On September 27-29, the Workshop to Develop a Portfolio of Low Latency Datasets for Time-Sensitive Applications was held at NASA's Langley Research Center in Hampton, Virginia. Chen and Greg Yetman, associate director for Geospatial Applications, joined a diverse group of remote sensing data providers, managers, and users to assess needs and priorities for improving the timeliness and utility of near-real time remote sensing data to support both research and societal applications. Chen chaired a breakout group on the second day of the meeting.
The Vienna Yearbook of Population Research 2015 (Volume 13) has published a special issue on “Demographic Differential Vulnerability to Climate-Related Disasters.” Edited by Raya Muttarak of the Wittgenstein Centre for Demography and Global Human Capital and Leiwen Jiang of Shangai University and the U.S. National Center for Atmospheric Research, the special issue stems from a conference of the International Union for the Scientific Study of Population (IUSSP), “Demographic Differential Vulnerability to Natural Disasters in the Context of Climate Change Adaptation,” held in Kao Lak, Thailand in April 2014. Alex de Sherbinin, associate director for Science Applications, and Guillem Bardy, project officer with the Agence Française de Développement, contributed the article, "Social vulnerability to floods in two coastal megacities: New York City and Mumbai." Bardy was a research intern at CIESIN in 2013 under the auspices of the Alliance Program, a joint venture between Columbia University and the École Polytechnique, Sciences Po, and Paris 1 Panthéon-Sorbonne University.
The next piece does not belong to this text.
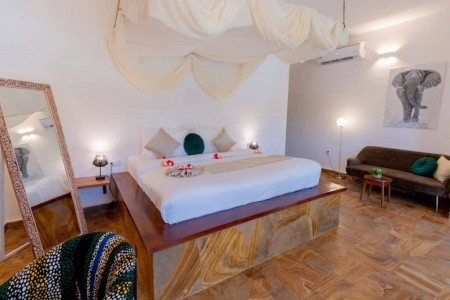 White Paradise Zanzibar - 5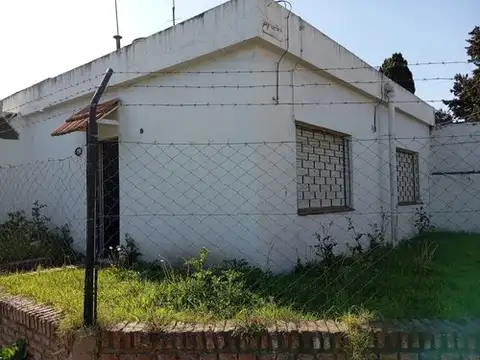 Casa en Venta en Loma Hermosa, USD 40.000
The Vienna Yearbook of Population Research is an online, open-access journal published by the Austrian Academy of Sciences.
The Global Partnership for Sustainable Development Data launched its new Data4SDGs Digital Marketplace September 21 in conjunction with a United Nations General Assembly (UNGA) side event held at the Ford Foundation in New York City. As an Anchor Partner in the Global Partnership, CIESIN announced its data commitments through the new marketplace: 1) to maintain an active archive of global-scale spatial data containing high-quality, fully documented, standards-compliant, subnational data on key issues related to the Sustainable Development Goals (SDGs); 2) to produce a "Living Manual" documenting proven and promising innovations that help countries to meet their SDG data needs; 3) to support a global community of practice to improve subnational data on population, settlements, and infrastructure for priority SDG applications; and 4) to provide open access tools and services for mapping and visualization of key sustainable development data layers and indicators to support applications, research, education, and training needs. The NASA Socioeconomic Data and Applications Center (SEDAC) operated by CIESIN is also featured as a resource in the Digital Marketplace. CIESIN director Robert Chen and deputy director Marc Levy attended the launch event September 21, as well as related meetings of the UN Sustainable Development Solutions Network (SDSN) in New York September 19–20. SDG data issues were also highlighted at the International Conference on Sustainable Development (ICSD2016) held at Columbia University September 21–22. The 17 SDGs were adopted by the international community in September 2015 as part of the 2030 Agenda for Sustainable Development.